Link to my monolith PR: Native ETag Support by hamdaankhalid · Pull Request #908 · microsoft/garnet
Over the past few months, as part of my role at Microsoft Azure, I was tasked with implementing ETag support in Garnet, our RESP-compliant key-value store. Garnet is Microsoft's competitor to Redis, known for its ability to handle data larger than memory while still delivering exceptional performance.
This article documents the challenges, mistakes, and lessons I learned while implementing this feature—particularly given Garnet’s focus on nano-second level performance optimizations.
----------------------------------------
The core functionality took two weeks to develop and test end-to-end. Achieving 100% unit test coverage required an additional two weeks, followed by two more weeks for PR feedback and RESP API standardization.
However, I underestimated the complexity of optimizing for nano-second level performance. Addressing these regressions doubled my original timeline, requiring extensive benchmarking and tuning. Key efforts included:
if-else
statements to improve branch prediction.Lesson Learned: Always budget additional time for benchmarking when working on performance-critical systems. The process of measuring and optimizing each change takes far longer than anticipated.
Modern processors use branch prediction to optimize conditional control flow. When conditions are predictably true or false, branch prediction can be incredibly efficient. However, contrary to my intuition, I found that traditional if-else
conditions often outperformed branchless programming for predictable cases.

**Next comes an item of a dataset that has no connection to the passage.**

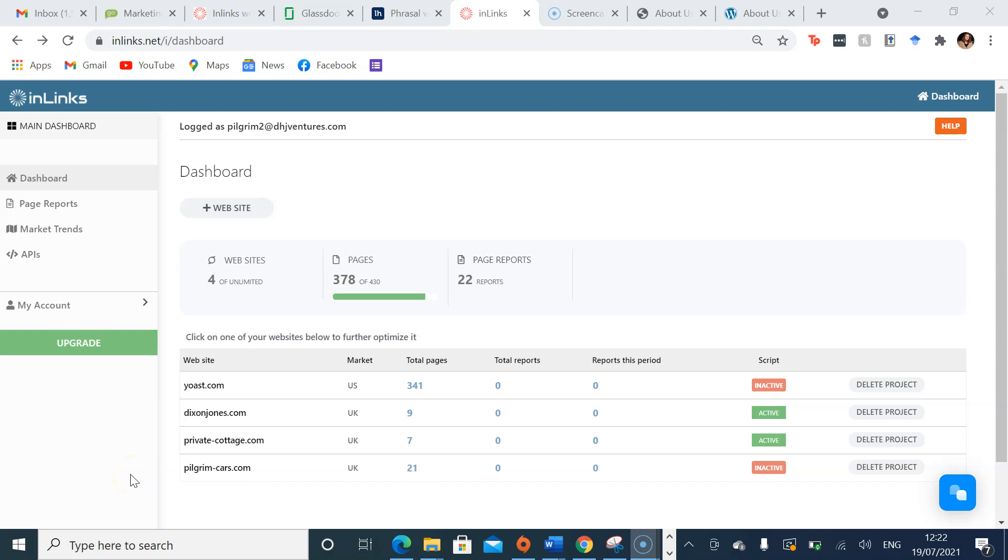How to create content briefs for your projects. Firstly, on your main dashboard you can find your current projects.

Micro-benchmarking was critical in uncovering this insight. Without it, my use of branchless programming would have added unnecessary complexity without any measurable benefits.
Lesson Learned: Your optimization is meaningless if you don’t measure it. Avoid “Schrödinger’s cat” scenarios with performance—always benchmark before and after making changes.
---------------------
I’m a fan of C# when it feels like C++—straightforward and easy to mentally map to IL/Assembly. However, newer C# features, like pattern matching, significantly improve readability when used correctly.

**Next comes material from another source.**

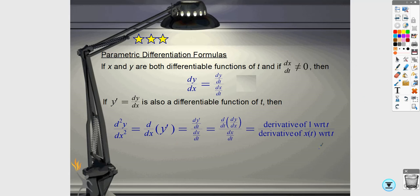This is something you definitely need to know that you haven't seen before: how to take the derivative of parametric equations. The first derivative is straightforward — dy/dx equals (dy/dt) divided by (dx/dt). You're just taking the derivative of the y equation divided by the derivative of the x equation.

Initially, I used pattern matching extensively to simplify complex control flows. The result was more readable code, but benchmarking revealed a major performance hit. Investigating the compiled IL showed additional control flow instructions that the compiler couldn’t optimize effectively. While the if-else
approach was less readable and prone to future bugs, it produced faster, more efficient code.

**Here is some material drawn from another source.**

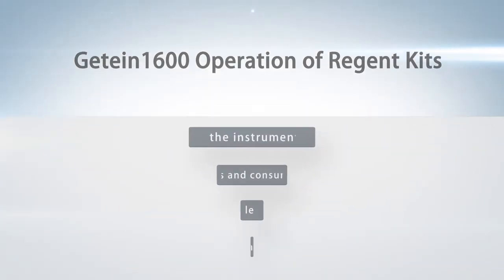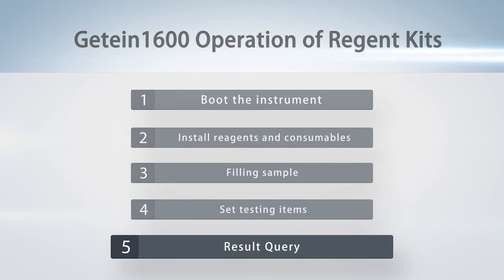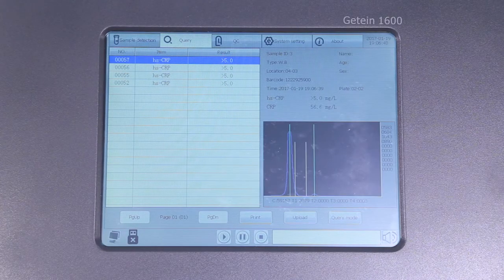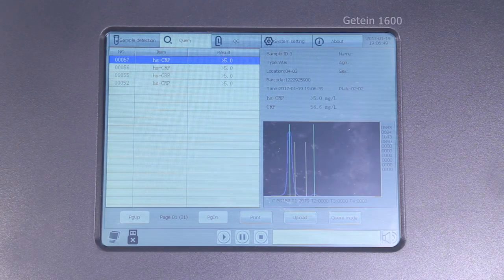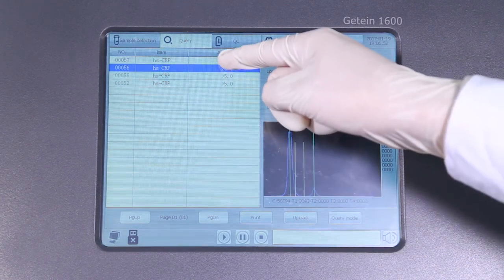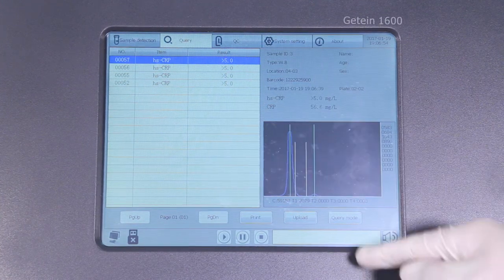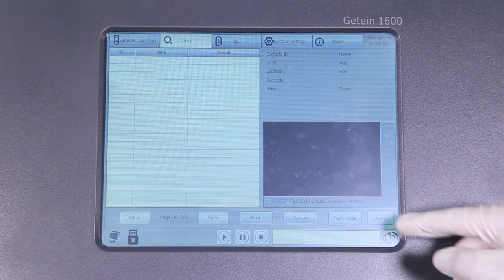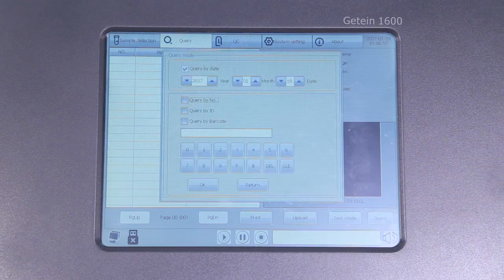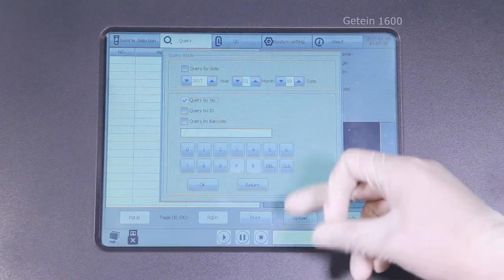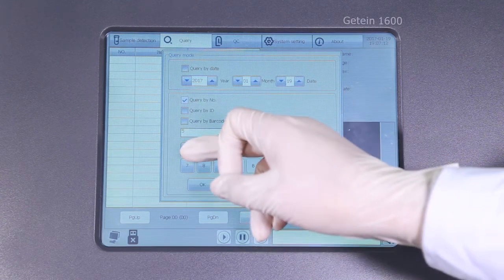Step 5: Result query. Testing results will be shown in query mode with the newest results on top. 4 query modes: Date, NO, ID, and barcode can be chosen to check historical results.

Lesson Learned: Always analyze the IL (using tools like SharpLab or ILSpy) or Assembly to understand the cost of syntactic sugar. What looks elegant in source code may carry hidden performance penalties.
--------------
I wrote 2,000 lines of test code and rewrote the core implementation at least eight times. Testing against a well-defined high-level API saved my sanity, allowing me to quickly identify and fix regressions after each iteration.
This approach also helped during performance tuning and refactoring. The efficiency of the developer loop—where you can confidently hit Run Tests and get immediate feedback—proved invaluable.
Lesson Learned: None—this was one thing I got right from the start! Test-driven development (TDD) is a lifesaver when dealing with complex feature implementations.
Implementing ETag support for Garnet was a challenging but rewarding experience. It pushed me to refine my understanding of performance tuning and taught me the importance of proper benchmarking, understanding syntactic sugar costs, and maintaining a robust testing strategy.
Forgot this one. If you are manually fixing the size of a struct make it memory aligned https://learn.microsoft.com/en-us/cpp/cpp/alignment-cpp-declarations?view=msvc-170
Great read! I wonder, is there a team inside Microsoft that might want to know about the loose IL being generated with the new SS? Or is it unavoidable consequence of how the features themselves work?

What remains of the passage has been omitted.